____ Working data
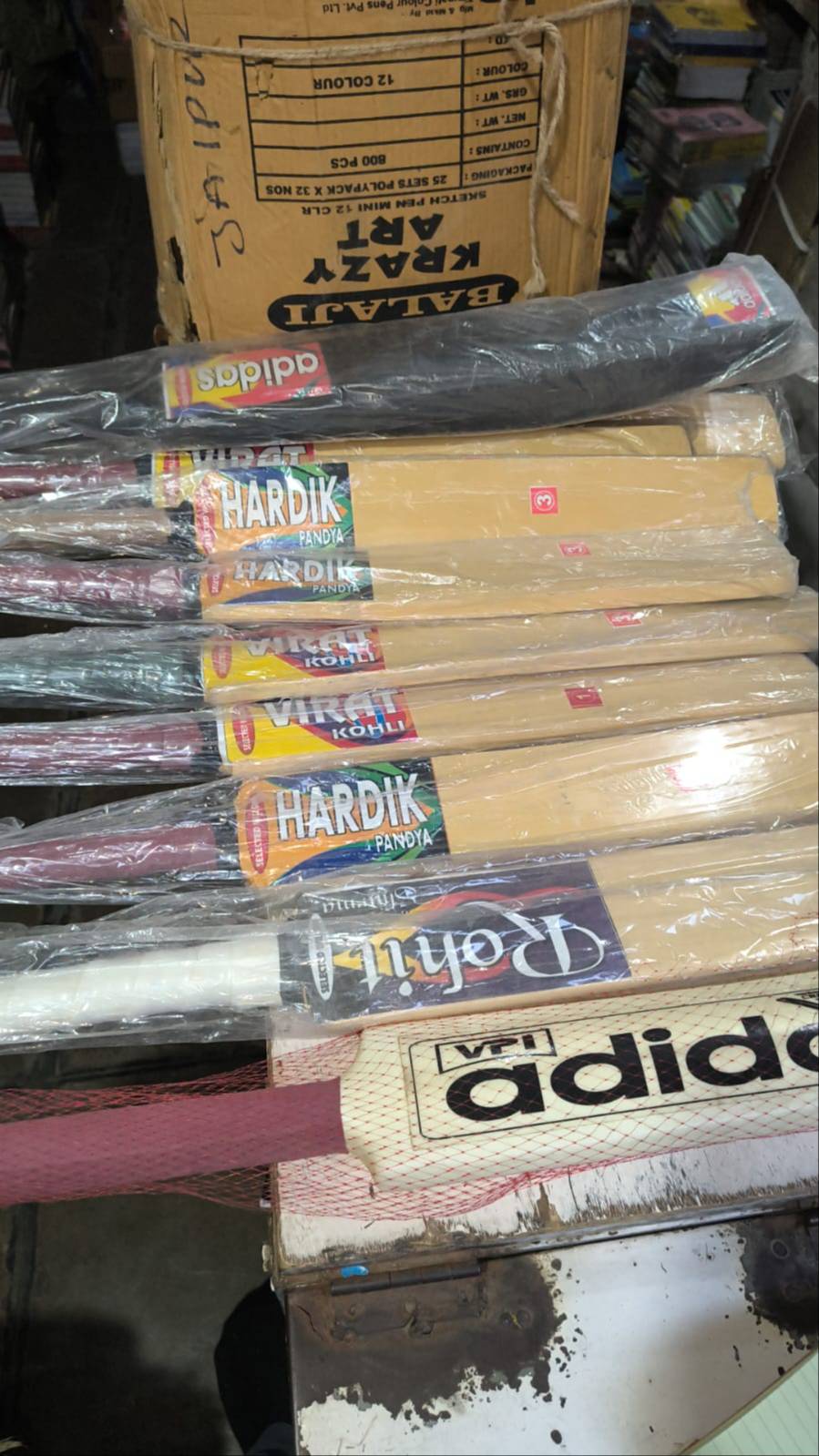 PRAMOD STATIONERS - Cricket Bat: Hardik Pandya Cricket Bat in Chittorgarh with Excellent Grip in BEGUN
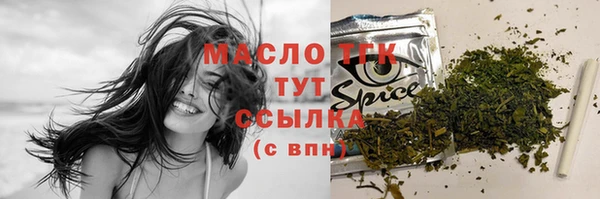 амф Арсеньев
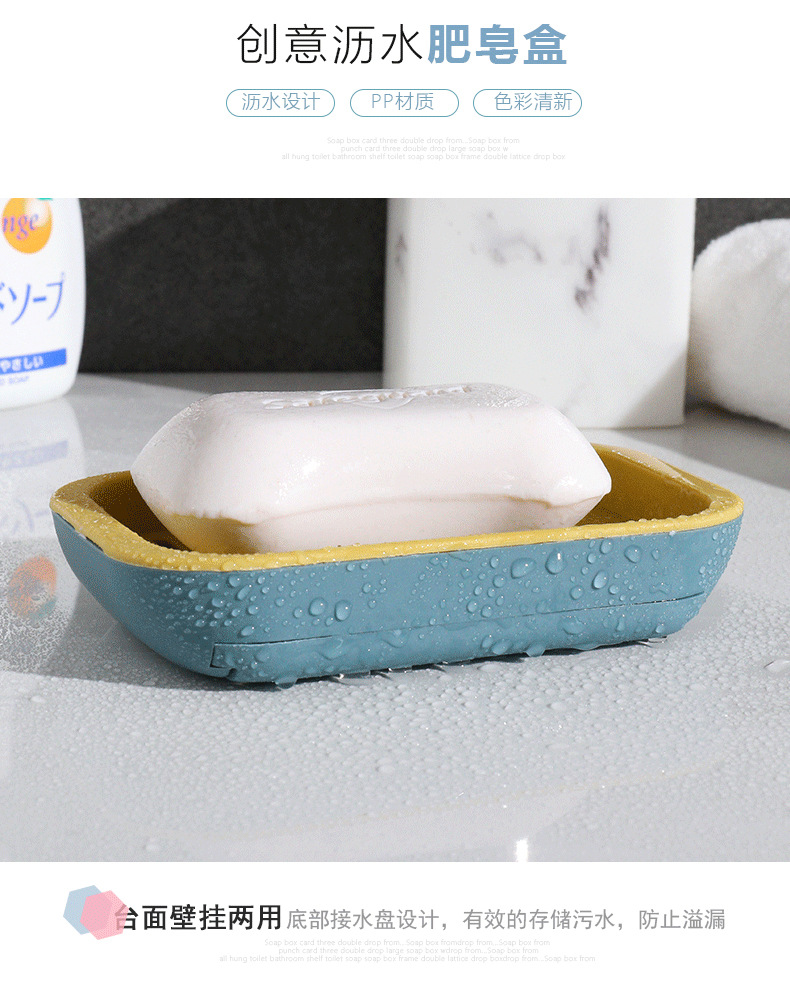 Bathroom soap box soap box soap tray pothole free wall-mounted asphalt soap rack laundry soap box rack Bathroom soap box soap box soap tray pothole free wall-mounted asphalt soap rack laundry soap box rack
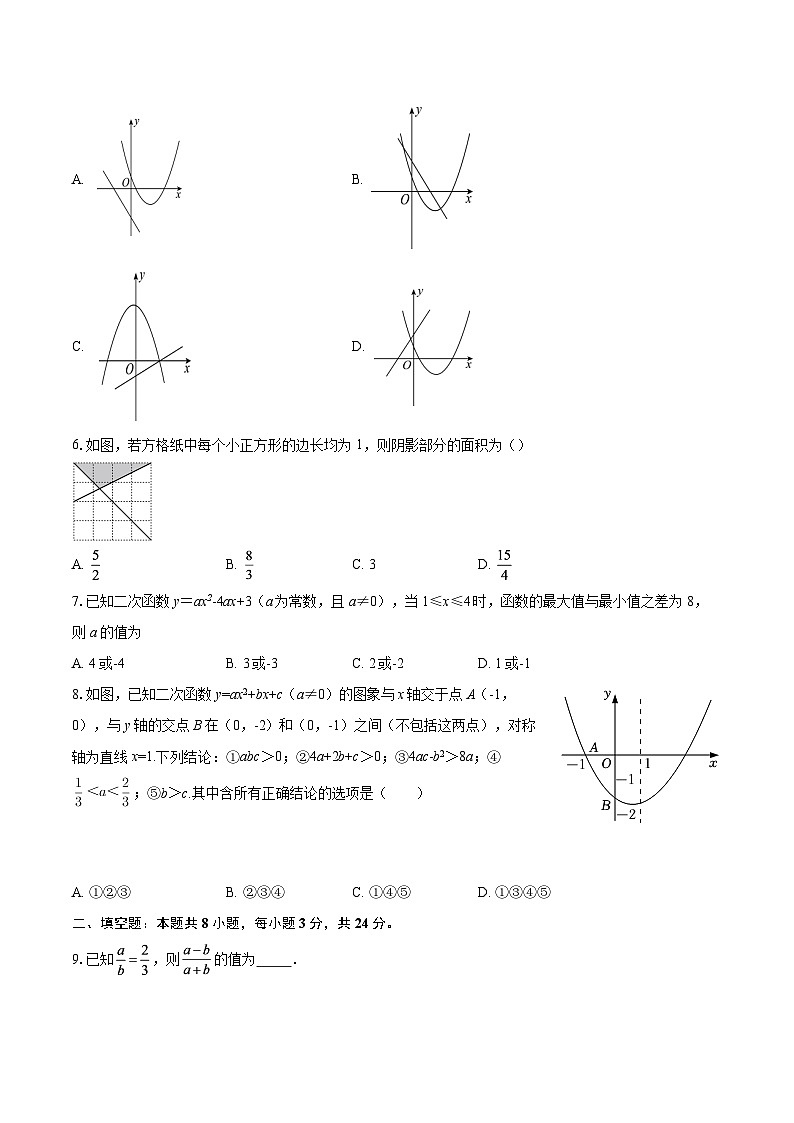 江苏省连云港市实验中学2025-2026学年上学期第四次素养评价九年级数学试题-自定义类型第2页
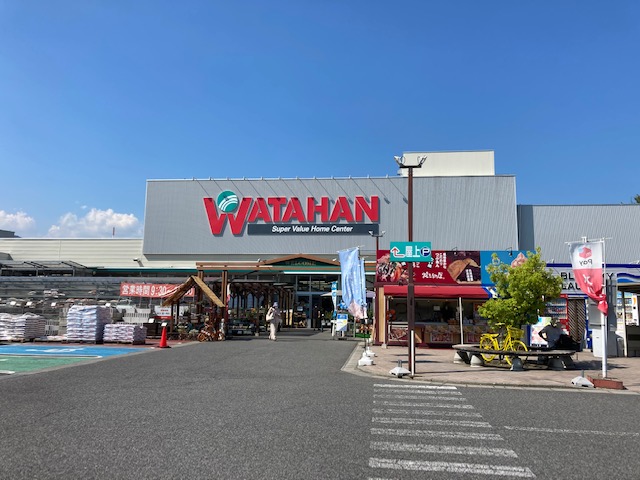 ホームセンター　綿半ホームエイド若里店（ホームセンター）まで641m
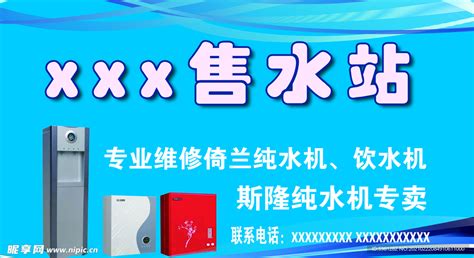 智慧水站 - 售水机（中国红）-工程案例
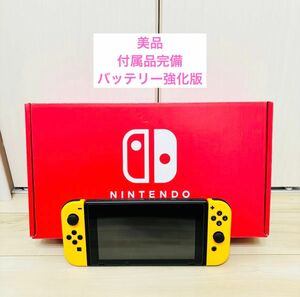 【美品】バッテリー強化版　Nintendo Switch マイニンテンドースイッチ　本体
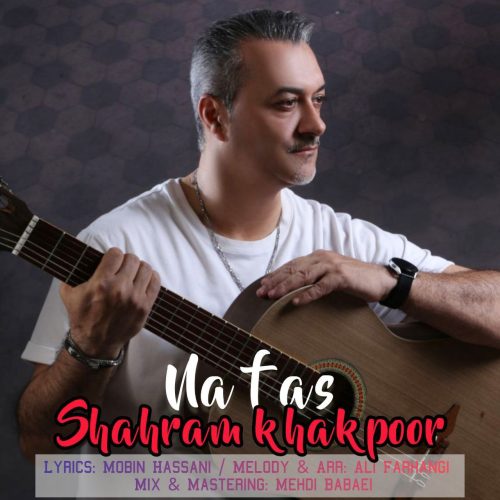 دانلود آهنگ جدید شهرام خاکپور با عنوان نفس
________
### Exercise requirements
Make an exact copy of all entries above, dropping the images.

### Response box
 PRAMOD STATIONERS - Cricket Bat: Hardik Pandya Cricket Bat in Chittorgarh with Excellent Grip in BEGUN
 амф Арсеньев
 Bathroom soap box soap box soap tray pothole free wall-mounted asphalt soap rack laundry soap box rack Bathroom soap box soap box soap tray pothole free wall-mounted asphalt soap rack laundry soap box rack
 江苏省连云港市实验中学2025-2026学年上学期第四次素养评价九年级数学试题-自定义类型第2页
 ホームセンター　綿半ホームエイド若里店（ホームセンター）まで641m
 智慧水站 - 售水机（中国红）-工程案例
 【美品】バッテリー強化版　Nintendo Switch マイニンテンドースイッチ　本体
 دانلود آهنگ جدید شهرام خاکپور با عنوان نفس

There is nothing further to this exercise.